From her days as a country music ingénue to her ascendance as the reigning mastermind of pop, Swift has credited the Chicks as a seminal influence in her songwriting and career trajectory. (Need examples? Look anywhere from early singles like "Picture to Burn" and "Should’ve Said No" to Evermore’s Haim-assisted murder ballad "no body, no crime" and her own Lover-era collab with the band, "Soon You’ll Get Better.") 

In a 2020 Billboard cover story tied to the Chicks’ eighth album Gaslighter, Swift acknowledged just how much impact the trio made on her growing up. "Early in my life, these three women showed me that female artists can play their own instruments while also putting on a flamboyant spectacle of a live show," she said at the time. "They taught me that creativity, eccentricity, unapologetic boldness and kitsch can all go together authentically. Most importantly, they showed an entire generation of girls that female rage can be a bonding experience between us all the very second we first heard Natalie Maines bellow ‘that Earl had to DIE.’"

"Game of Thrones"

When reputation dropped in 2017, Swift was on a self-imposed media blackout, which meant no cover stories or dishy sit-down interviews on late-night TV during the album’s roll-out. Instead, the singer let reputation speak for itself, and fans were largely left to draw their own conclusions about their queen’s wildly anticipated comeback album. Two years later, though, Swift revealed the dark, vengeful, romantic body of work was largely inspired by "Game of Thrones."

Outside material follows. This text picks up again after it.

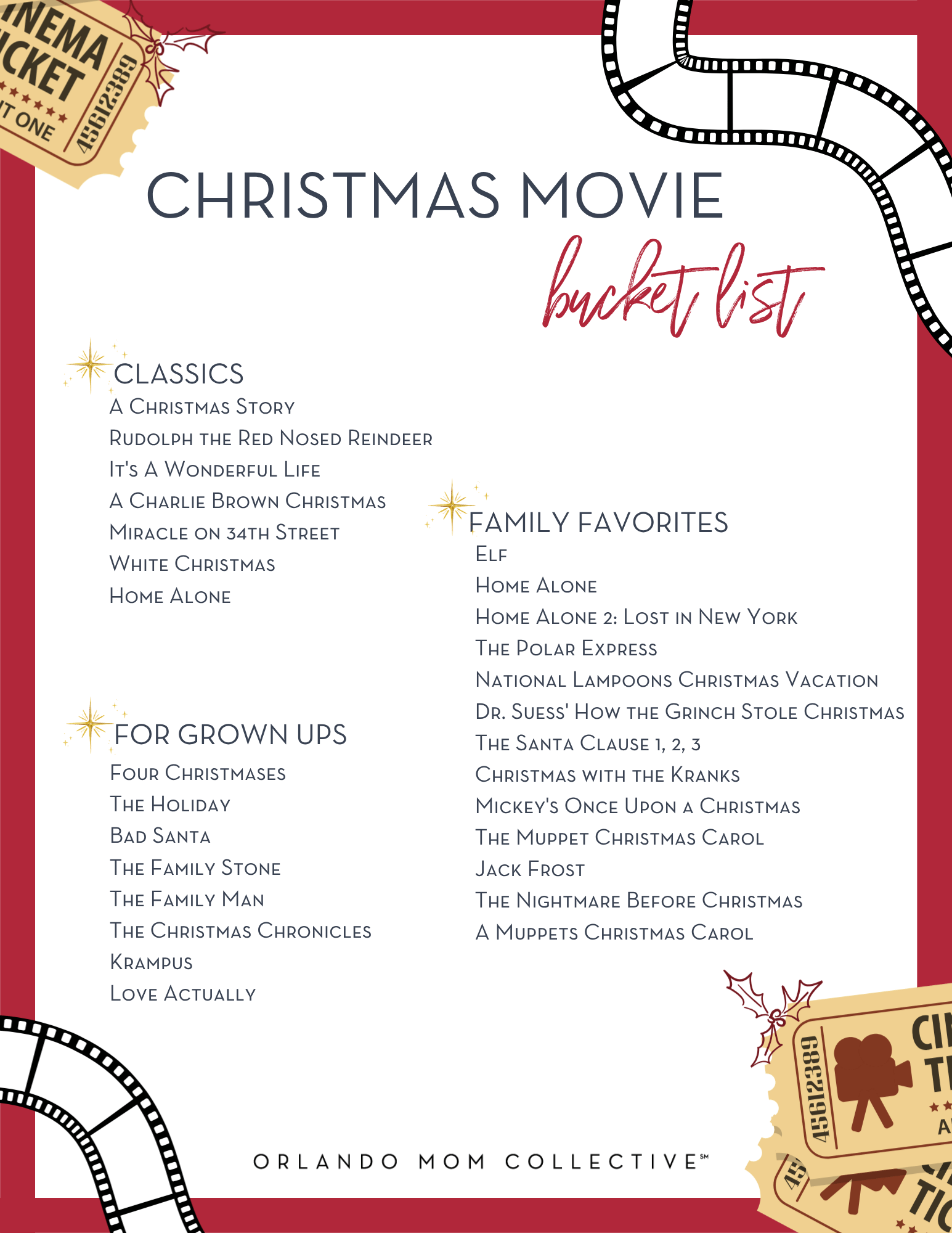 Christmas Movie Bucket List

"These songs were half based on what I was going through, but seeing them through a 'Game of Thrones' filter," she told Entertainment Weekly in 2019. "My entire outlook on storytelling has been shaped by ["GoT"] — the ability to foreshadow stories, to meticulously craft cryptic story lines. So, I found ways to get more cryptic with information and still be able to share messages with the fans. I aspire to be one one-millionth of the kind of hint dropper the makers of 'Game of Thrones' have been."

Joni Mitchell

Swift has long made her admiration of Joni Mitchell known, dating back to her 2012 album Red, which took a cue from the folk pioneer’s landmark 1971 LP Blue for its chromatic title. In an interview around the time of Red’s release, the country-pop titan gushed over Blue’s impact on her, telling Rhapsody, "[Mitchell] wrote it about her deepest pains and most haunting demons. Songs like ‘River,’ which is just about her regrets and doubts of herself — I think this album is my favorite because it explores somebody’s soul so deeply."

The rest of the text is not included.